- Task statement
Would you restate each line of the data below word for word, without its pictures?

- Recorded information
· · · ·

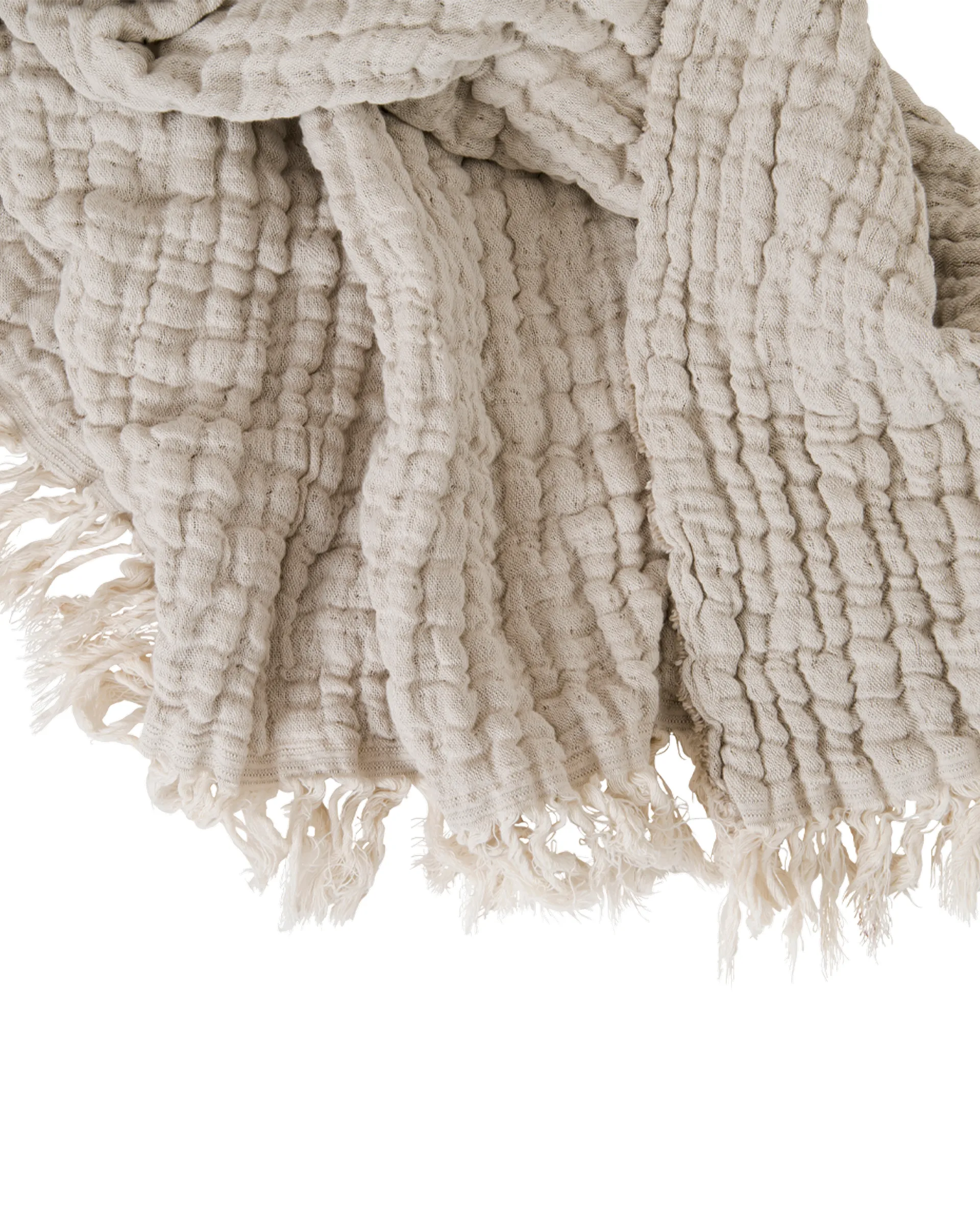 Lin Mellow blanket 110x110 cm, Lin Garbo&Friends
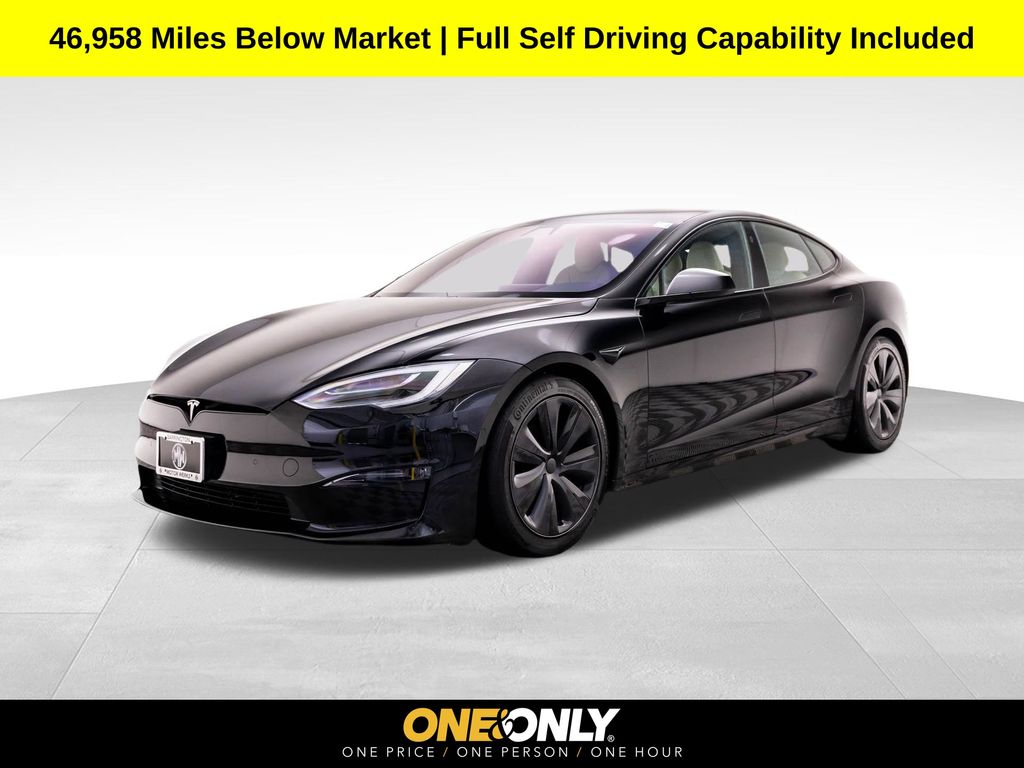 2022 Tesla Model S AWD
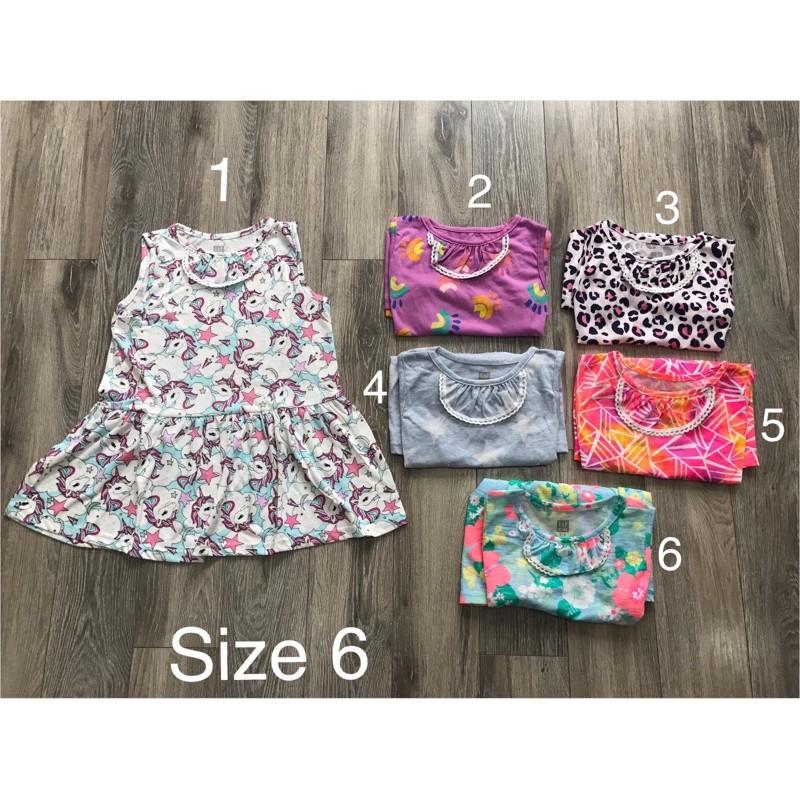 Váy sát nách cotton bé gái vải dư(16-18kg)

· · · ·

- Answer space
 Lin Mellow blanket 110x110 cm, Lin Garbo&Friends
 2022 Tesla Model S AWD
 Váy sát nách cotton bé gái vải dư(16-18kg)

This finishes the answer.